Häftlinge der JVA Tegel spielen Schillers Wallenstein
Bevor es in das eigentliche Freilufttheater geht, werden die Besucher durch das Erdgeschoss der Teilanstalt 1 geführt. Die Zellen dort sind wenig größer als fünf Quadratmeter, und sie dürfen deswegen nach höchstrichterlicher Rechtsprechung nicht mehr belegt werden. Die Häftlinge, die das Ensemble bilden, stehen in diesen engen Räumen, die voll erscheinen, wenn sich dort nur ein Mensch befindet. Sie sehen ausdruckslos oder verzweifelt an die Wände, einer übt sich im Boxen. Zuvor schon sinnierten die Amateurschauspieler, die sich alle eine beachtliche Sprechtechnik angeeignet haben, über das Lager an sich: Es schützt mit seinen Wachen, Mauern und Zäunen Menschen - vielleicht die, die drinnen sind, aber auch die, die draußen bleiben.
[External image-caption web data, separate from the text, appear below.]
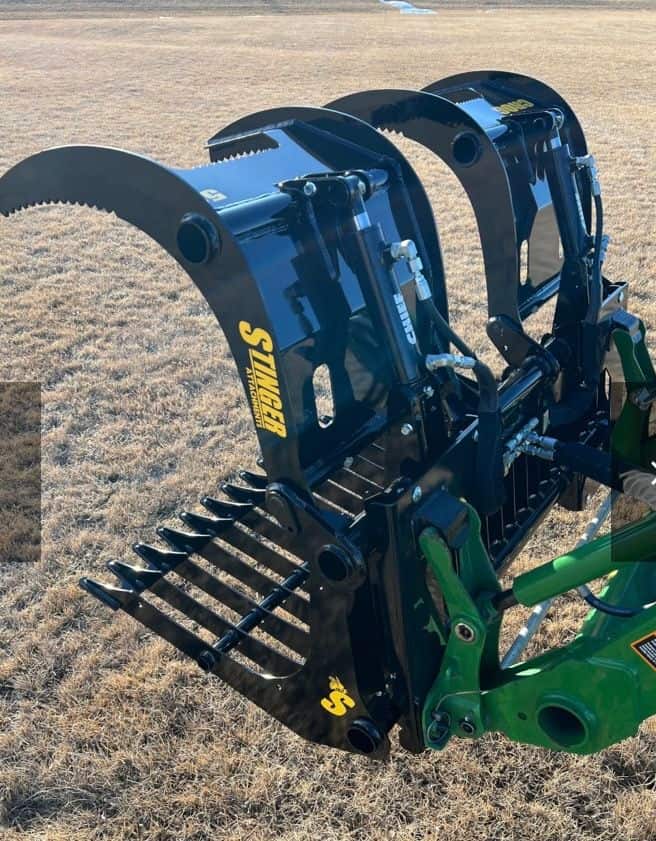 Stinger CROG compact tractor rock grapple attachment showing dual grapple arms and heavy steel frame
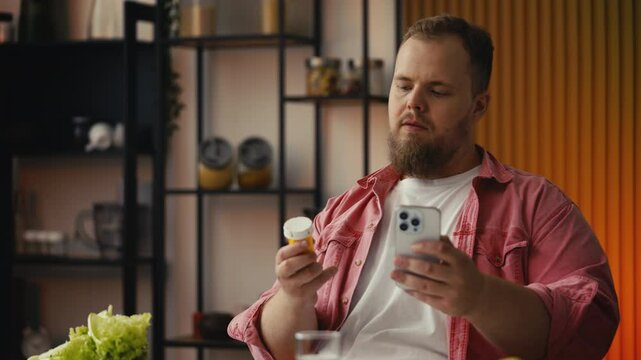 Large-bodied man holding weight loss pills, reading side effects on smartphone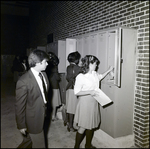 A Boy Waits Beside a Girl Sorting Through Her Locker at Berkeley Preparatory School in Tampa, Florida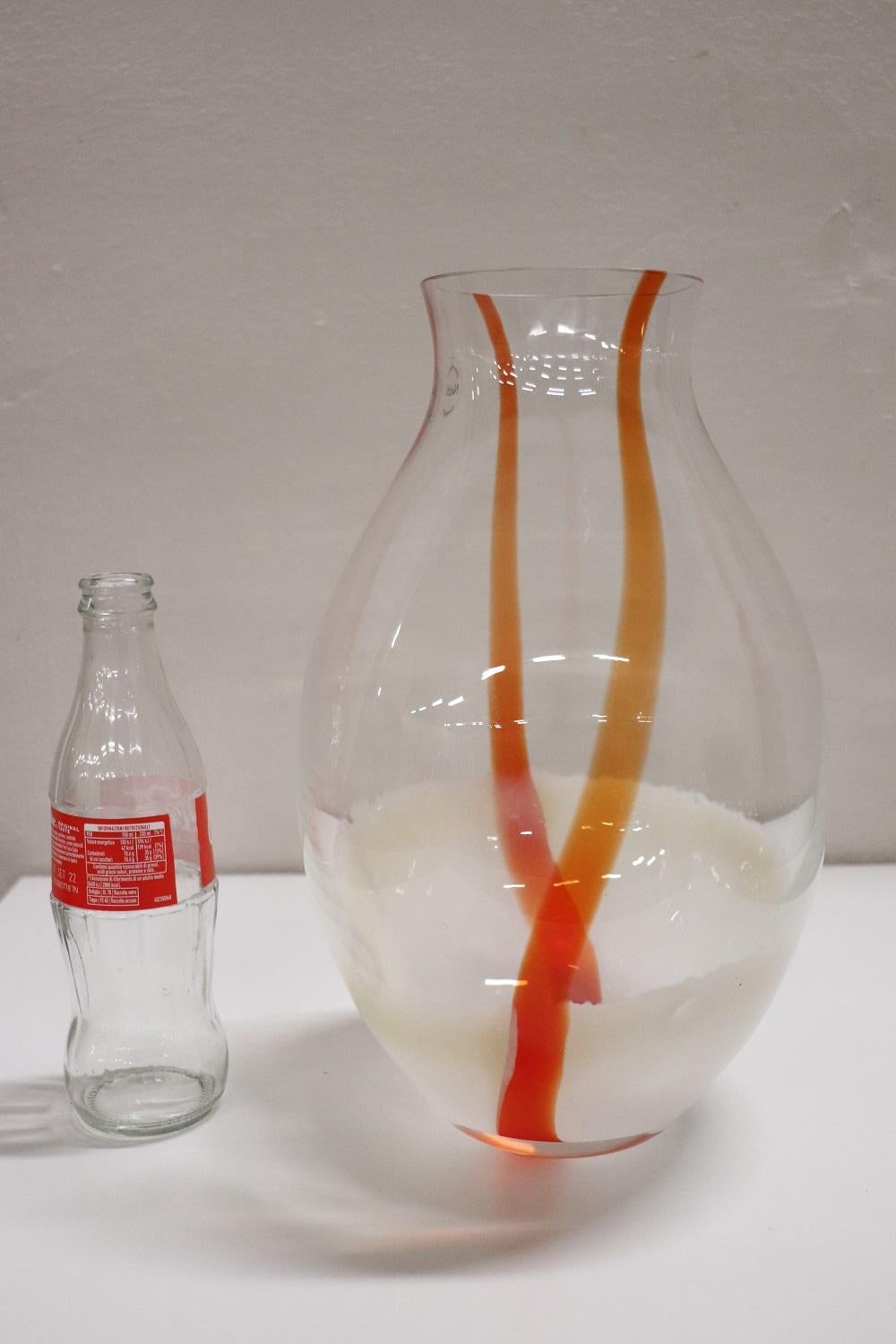 Refined artistic glass vase, Italy, production circa 1980s Murano. Original brand present in Nason production. Large vase with a particular design, in transparent glass that turns into milky white in the lower part, crossed by an orange band.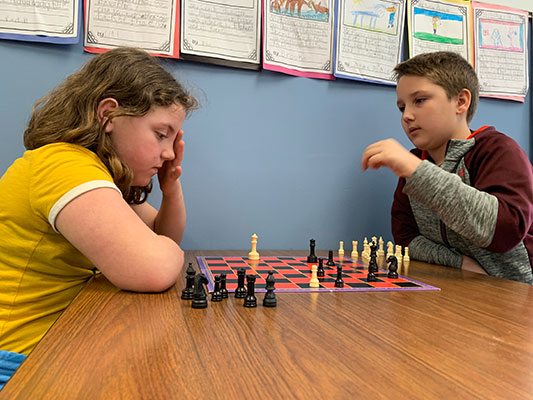 girl and boy playing chess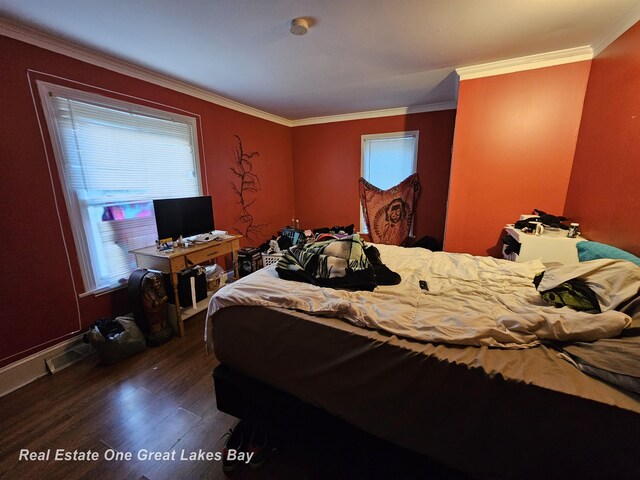 422 N Woodbridge St, Saginaw, MI 48602 - bedroom with dark wood-style floors and crown molding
Es geht also nicht nur um die von Friedrich Schiller beschriebene Situation im Dreißigjährigen Krieg, als der Feldherr Wallenstein seine Truppen in Pilsen zusammenzieht. Es geht um das Eingesperrtsein und den Wunsch nach Freiheit, die Langeweile im Knast wie auch im Militärlager, wenn nichts passiert.
Atanassow hat Schillers Text ergänzt mit den Zitaten anderer Dichter, aber auch mit Texten der Häftlinge selbst. Einer von ihnen ist ein Mann, der wegen Betrugs zu einer mehrjährigen Haftstrafe verurteilt wurde. Er freut sich, dass die Generalprobe am 18. Juni ohne Stocken über Flur und Wiese ging, und er verspricht für die kommenden Aufführungen noch mehr Pepp von allen. Gleichwohl erklärt er, dass er bei einer weiteren Inszenierung nicht dabei sein wird. Für seine Zukunft sind ihm die Schulstunden, die er im Gefängnis bekommt, und die Arbeitsmöglichkeiten wichtiger. Obwohl gerade er besonders professionell wirkt. Früher sang er oft vor Kirchengemeinden, und ist es so gewohnt, vor Publikum aufzutreten.